■ **Directions**
Skip the pictures and give back the rest of the listing exactly.

■ **Data excerpt**

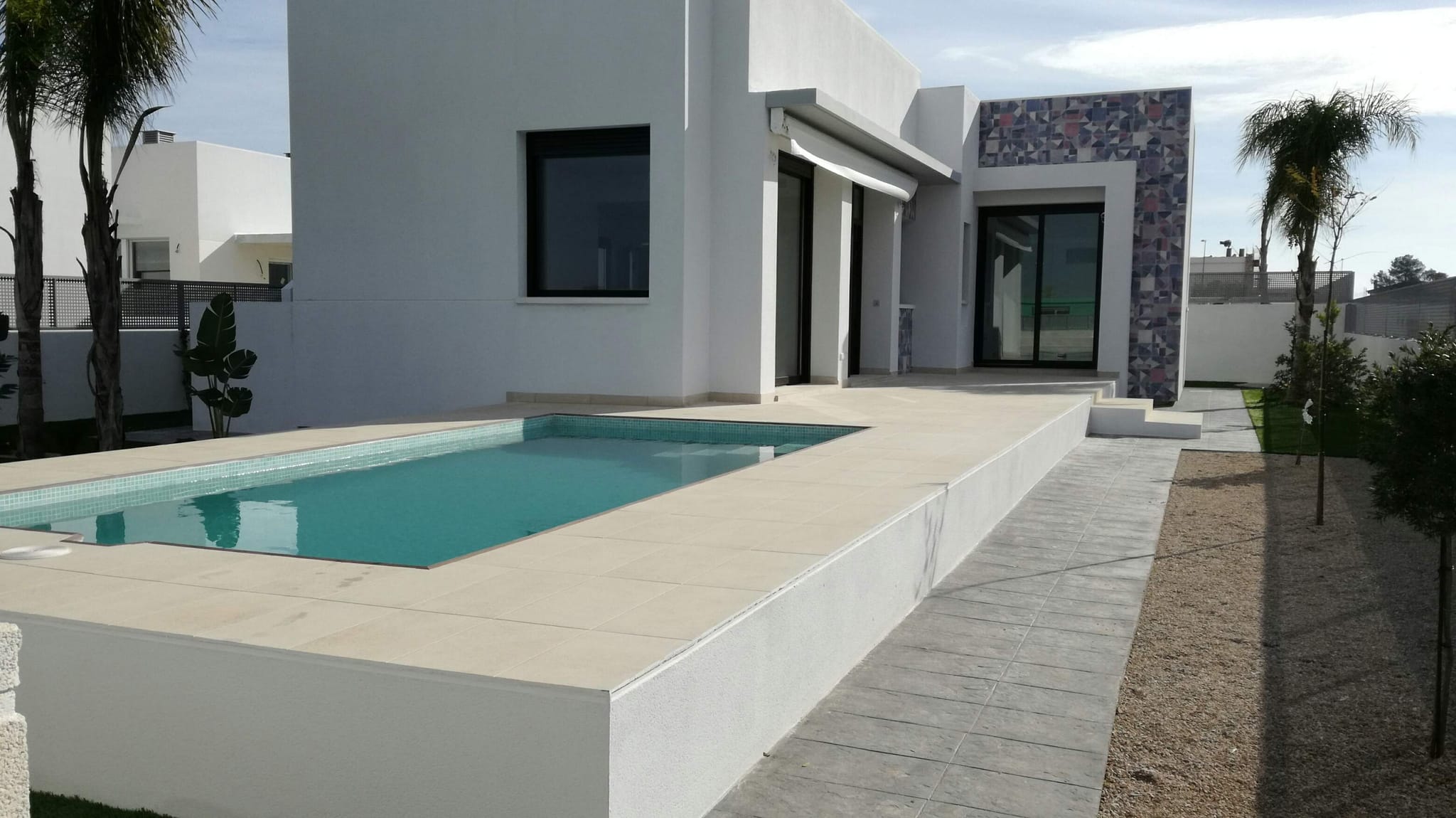 Solar de 6300 m2 listo para la construcción de viviendas unifamiliares u adosados.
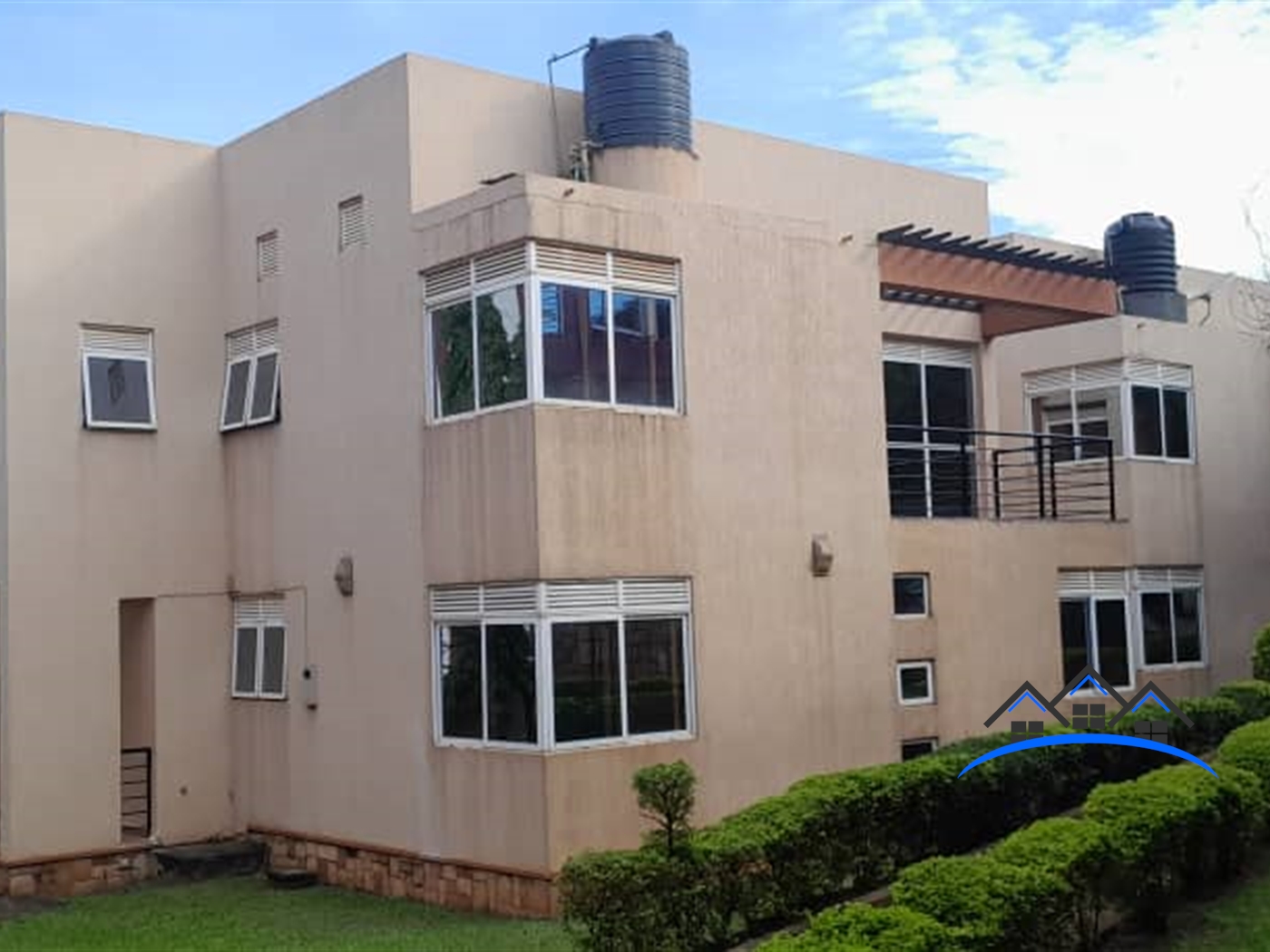 Town House for sale in Mbuya Kampala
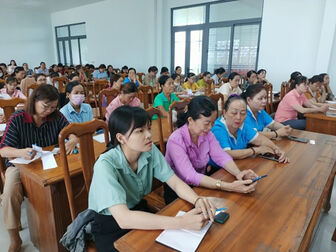 Bồi dưỡng lý luận chính trị và nghiệp vụ công tác hội cho cán bộ phụ nữ huyện Châu Phú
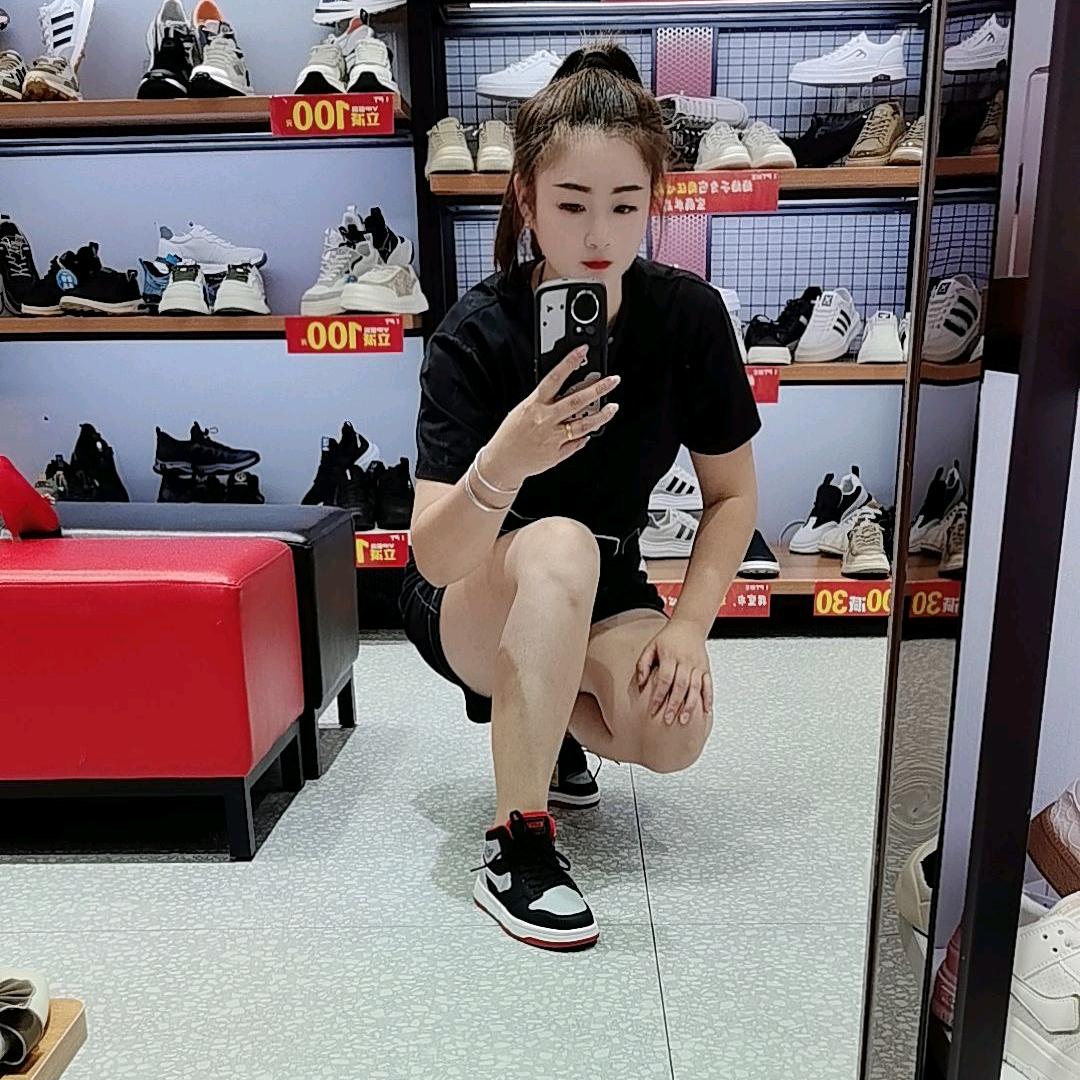 KFT脚王（修文01店）张丽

■ **Expected output**
 Solar de 6300 m2 listo para la construcción de viviendas unifamiliares u adosados.
 Town House for sale in Mbuya Kampala
 Bồi dưỡng lý luận chính trị và nghiệp vụ công tác hội cho cán bộ phụ nữ huyện Châu Phú
 KFT脚王（修文01店）张丽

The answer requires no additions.